▸ **EXERCISE DATA**:
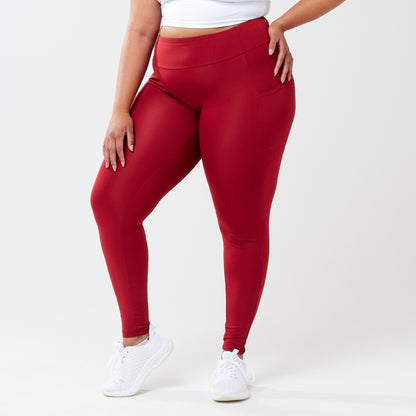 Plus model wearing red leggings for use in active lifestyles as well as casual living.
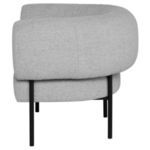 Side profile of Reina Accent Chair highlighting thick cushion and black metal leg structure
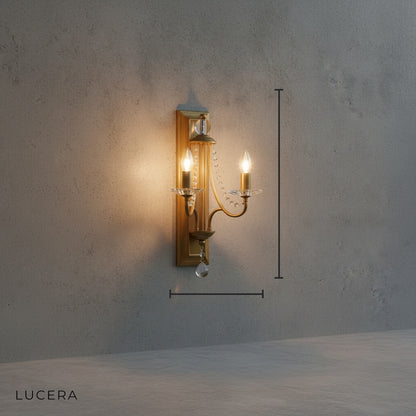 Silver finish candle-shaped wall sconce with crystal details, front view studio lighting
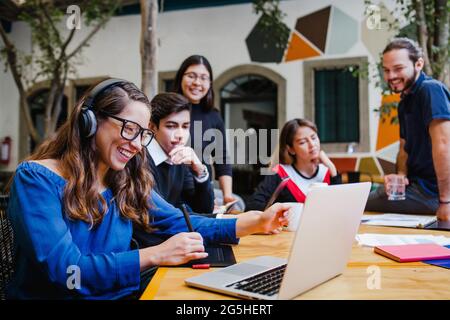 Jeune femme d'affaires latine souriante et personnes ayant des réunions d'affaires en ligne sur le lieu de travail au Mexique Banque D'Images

--

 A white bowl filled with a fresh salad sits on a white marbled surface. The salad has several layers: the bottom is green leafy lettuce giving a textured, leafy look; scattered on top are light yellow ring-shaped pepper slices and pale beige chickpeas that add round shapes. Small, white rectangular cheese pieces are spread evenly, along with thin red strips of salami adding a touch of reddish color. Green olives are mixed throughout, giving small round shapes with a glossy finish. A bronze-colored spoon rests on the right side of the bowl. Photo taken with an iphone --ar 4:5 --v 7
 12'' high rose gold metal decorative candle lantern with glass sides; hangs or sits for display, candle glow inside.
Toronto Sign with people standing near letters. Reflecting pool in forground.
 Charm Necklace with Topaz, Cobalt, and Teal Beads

--

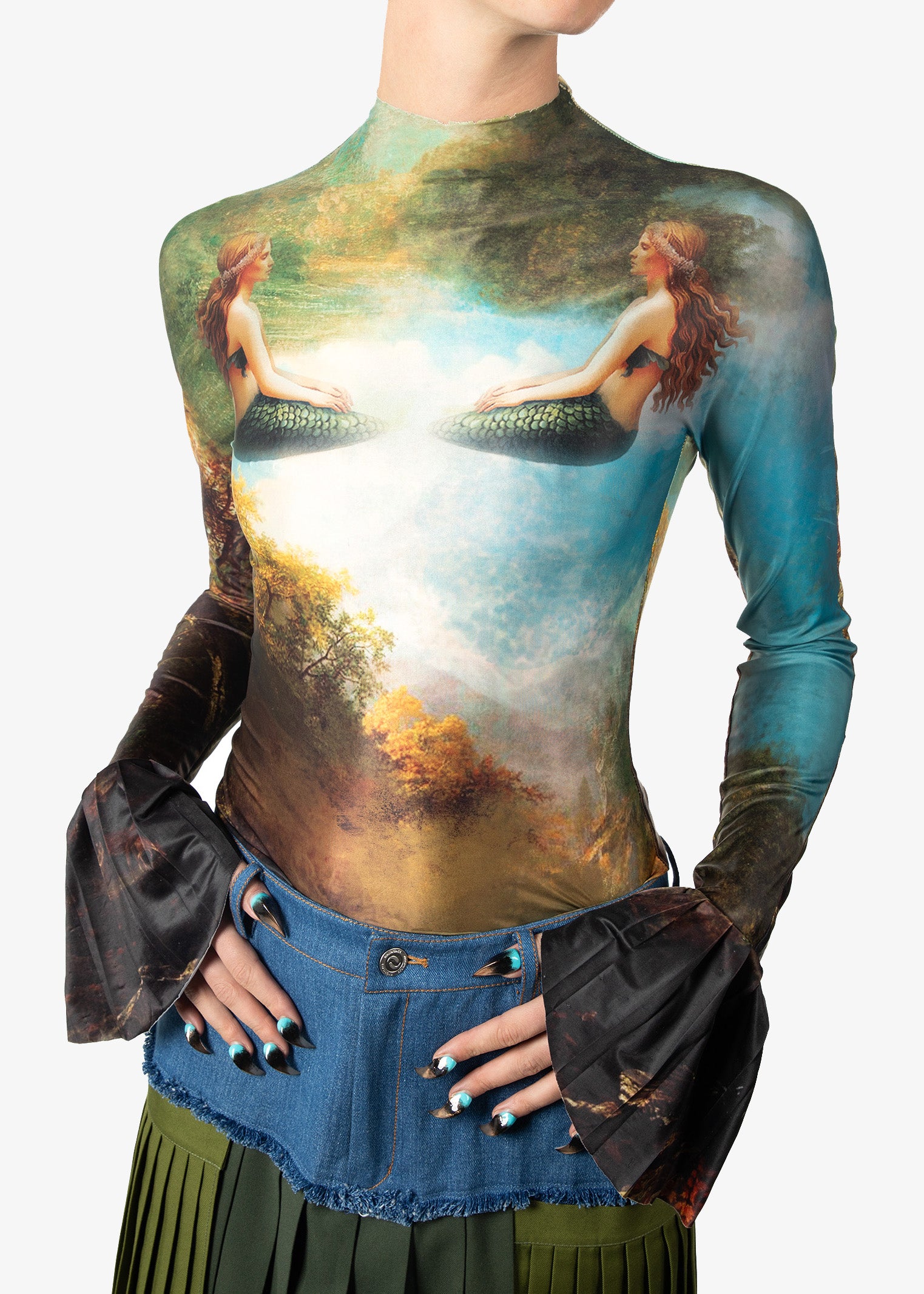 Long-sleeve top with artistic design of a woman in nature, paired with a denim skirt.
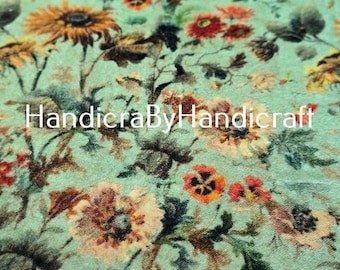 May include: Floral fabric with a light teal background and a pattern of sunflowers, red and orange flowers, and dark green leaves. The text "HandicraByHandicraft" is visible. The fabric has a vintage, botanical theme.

▸ **WHAT IS EXPECTED**: Would you copy out, exactly and with no pictures, only the lines above from the one that contains "Plus model wearing" through the one that contains "Jeune femme d'affaires"?

▸ **WRITTEN SOLUTION**:
 Plus model wearing red leggings for use in active lifestyles as well as casual living.
 Side profile of Reina Accent Chair highlighting thick cushion and black metal leg structure
 Silver finish candle-shaped wall sconce with crystal details, front view studio lighting
 Jeune femme d'affaires latine souriante et personnes ayant des réunions d'affaires en ligne sur le lieu de travail au Mexique Banque D'Images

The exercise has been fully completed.